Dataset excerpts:
##########

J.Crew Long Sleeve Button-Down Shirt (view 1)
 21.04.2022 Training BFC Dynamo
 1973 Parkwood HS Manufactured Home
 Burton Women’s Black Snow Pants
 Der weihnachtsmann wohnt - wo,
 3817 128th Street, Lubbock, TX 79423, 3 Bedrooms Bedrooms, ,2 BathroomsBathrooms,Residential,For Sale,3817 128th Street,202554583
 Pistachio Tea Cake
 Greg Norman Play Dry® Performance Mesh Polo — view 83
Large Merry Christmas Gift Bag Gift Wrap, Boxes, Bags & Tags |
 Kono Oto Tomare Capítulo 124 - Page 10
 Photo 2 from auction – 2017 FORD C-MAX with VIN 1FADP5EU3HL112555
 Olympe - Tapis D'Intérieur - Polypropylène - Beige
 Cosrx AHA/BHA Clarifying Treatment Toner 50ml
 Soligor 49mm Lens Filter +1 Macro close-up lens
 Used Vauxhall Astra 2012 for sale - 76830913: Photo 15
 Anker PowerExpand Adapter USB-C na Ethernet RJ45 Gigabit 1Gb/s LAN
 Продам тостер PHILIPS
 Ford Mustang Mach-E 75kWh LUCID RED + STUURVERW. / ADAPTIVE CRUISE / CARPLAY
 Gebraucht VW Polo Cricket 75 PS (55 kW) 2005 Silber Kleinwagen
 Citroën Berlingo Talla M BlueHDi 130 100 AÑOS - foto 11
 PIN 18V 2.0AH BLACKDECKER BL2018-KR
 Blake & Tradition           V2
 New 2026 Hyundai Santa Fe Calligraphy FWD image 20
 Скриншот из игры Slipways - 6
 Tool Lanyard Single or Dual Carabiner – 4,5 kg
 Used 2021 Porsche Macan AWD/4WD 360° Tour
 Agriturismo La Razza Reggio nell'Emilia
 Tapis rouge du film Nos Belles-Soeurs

##########

What you have to do ▸
Each line of the data is to be retyped exactly.

Answer space ▸
J.Crew Long Sleeve Button-Down Shirt (view 1)
 21.04.2022 Training BFC Dynamo
 1973 Parkwood HS Manufactured Home
 Burton Women’s Black Snow Pants
 Der weihnachtsmann wohnt - wo,
 3817 128th Street, Lubbock, TX 79423, 3 Bedrooms Bedrooms, ,2 BathroomsBathrooms,Residential,For Sale,3817 128th Street,202554583
 Pistachio Tea Cake
 Greg Norman Play Dry® Performance Mesh Polo — view 83
Large Merry Christmas Gift Bag Gift Wrap, Boxes, Bags & Tags |
 Kono Oto Tomare Capítulo 124 - Page 10
 Photo 2 from auction – 2017 FORD C-MAX with VIN 1FADP5EU3HL112555
 Olympe - Tapis D'Intérieur - Polypropylène - Beige
 Cosrx AHA/BHA Clarifying Treatment Toner 50ml
 Soligor 49mm Lens Filter +1 Macro close-up lens
 Used Vauxhall Astra 2012 for sale - 76830913: Photo 15
 Anker PowerExpand Adapter USB-C na Ethernet RJ45 Gigabit 1Gb/s LAN
 Продам тостер PHILIPS
 Ford Mustang Mach-E 75kWh LUCID RED + STUURVERW. / ADAPTIVE CRUISE / CARPLAY
 Gebraucht VW Polo Cricket 75 PS (55 kW) 2005 Silber Kleinwagen
 Citroën Berlingo Talla M BlueHDi 130 100 AÑOS - foto 11
 PIN 18V 2.0AH BLACKDECKER BL2018-KR
 Blake & Tradition           V2
 New 2026 Hyundai Santa Fe Calligraphy FWD image 20
 Скриншот из игры Slipways - 6
 Tool Lanyard Single or Dual Carabiner – 4,5 kg
 Used 2021 Porsche Macan AWD/4WD 360° Tour
 Agriturismo La Razza Reggio nell'Emilia
 Tapis rouge du film Nos Belles-Soeurs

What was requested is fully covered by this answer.